The film was also delayed due to a dispute between Arvind Swamy and Nikaba Films, the producers. Nikaba had omitted to pay Arvind Swamy's remuneration for acting in the film, and the actor promptly got a stay order on the release of the producer's next film Ooty.

== Music ==
The soundtrack was composed by A. R. Rahman. Parts of the song "En Swasa Katre" are syncopated as in Carnatic music compositions. In the Theendai song, Rahman had used a similar religious chant which had carnatic allusions like the ones in Enigma (Germany), which had Gregorian chants. The song "Jumbalakka" was reused in the Hindi film Thakshak. It was also featured in the 2019 film Kaithi where it became a trend in Tamil Nadu after its release. "Kadhal Niagra" was reused with change in instrumentation and vocals and with a considerable extend in length as "Kay Sera Sera" in Pukar. A slightly revised version of "Thirakatha" was a song that was used in the score of Million Dollar Arm.

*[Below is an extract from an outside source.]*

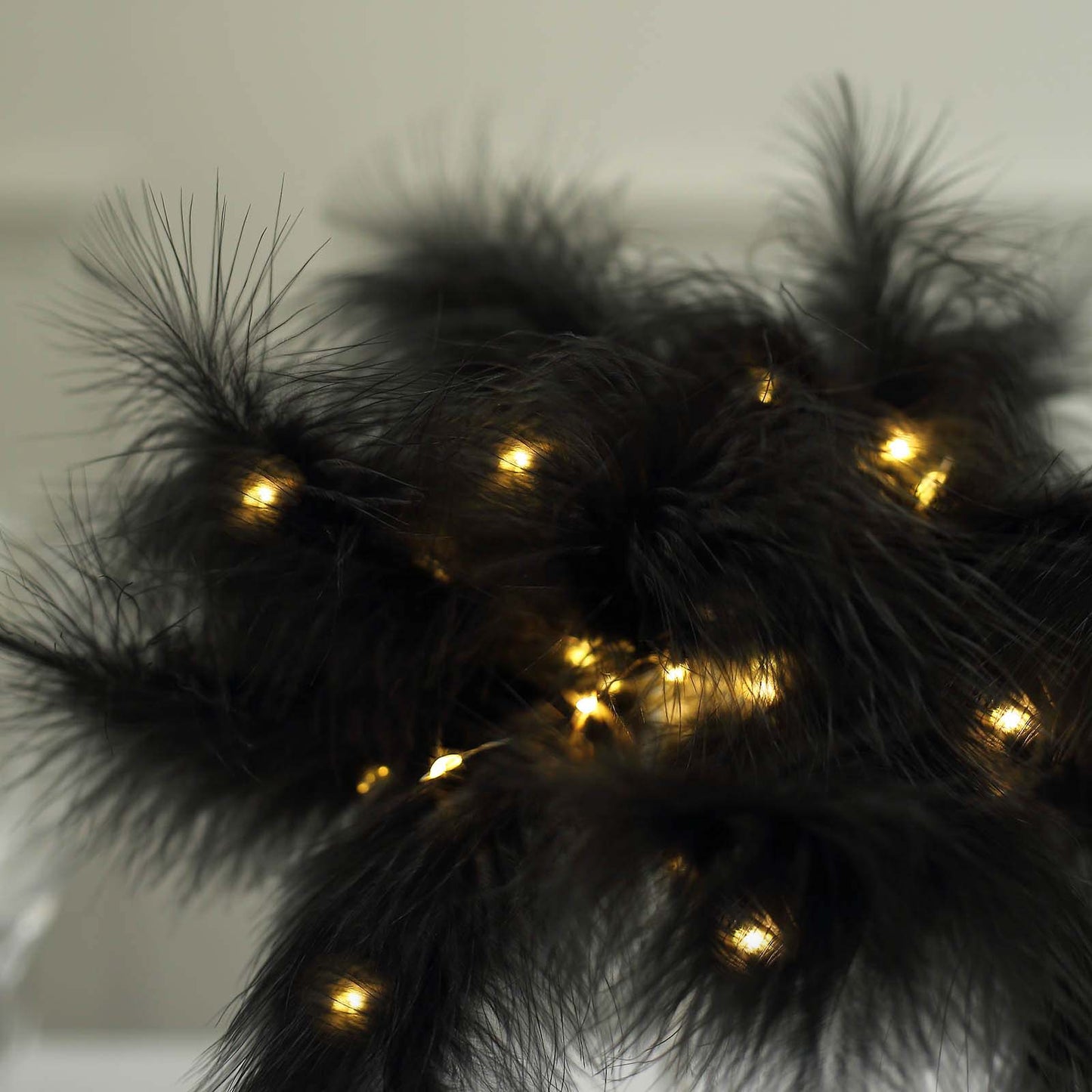 Black feather table lamp with LED lights for wedding centerpiece.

Due to Rahman's busy schedule, he left the project before completing the background score. Sabesh–Murali were signed to quickly compose the remaining score.

Track listing
| No. | Title | Singer(s) | Length |
|---|---|---|---|
| 1. | "Jumbalakka" | Rafee | 6:20 |
| 2. | "Kadhal Niagara" | Palakkad Sreeram, Harini, Anupama | 5:01 |
| 3. | "Thirakkatha Kattukulle" | P. Unnikrishnan, K. S. Chithra | 7:09 |
| 4. | "En Swasa Katrae" | M. G. Sreekumar, K. S. Chithra | 5:15 |
| 5. | "Chinna Chinna Mazhai Thuligal" | M. G. Sreekumar, K. S. Chithra | 5:48 |
| 6. | "Theendai Mei Theendai" | S. P. Balasubrahmanyam, K. S. Chithra | 6:48 |
| Total length: |  |  | 36:21 |

== Reception ==
Kala Krishnan Ramesh of Deccan Herald said that "the story of En Swasa Katre, is one with much potential, largely unexplored by an inadequate plot and screenplay, which, along with the dialogues, and direction, are by K S Ravi", with the critic adding that "Arvind Swamy is not bad, as for as an Arvind Swamy can be so. And the same goes for Prakash Raj. Worth taking a look at." Arul S. of The New Indian Express described that "En Swasa Kaatre may not be a must-see but it is certainly a can-see." K. N. Vijiyan of New Straits Times wrote "See this one if you are a Arvindswamy fan or go just to enjoy the visuals". D. S. Ramanujam of The Hindu wrote, "The cinematography of Arthur A. Wilson particularly the outdoor work in a song with a waterfall as backdrop and the elegant sets of Thotta Tharani are the plus points of this production", but was critical of the dance choreography. He added, "The incidents the director has created to tell the love story [...] have been handled with taste".

The film did average commercial business. Despite the relative high-profile nature of the film, K. S. Ravi disappeared from the film industry after the film's release and did not make any other films until his death in 2010.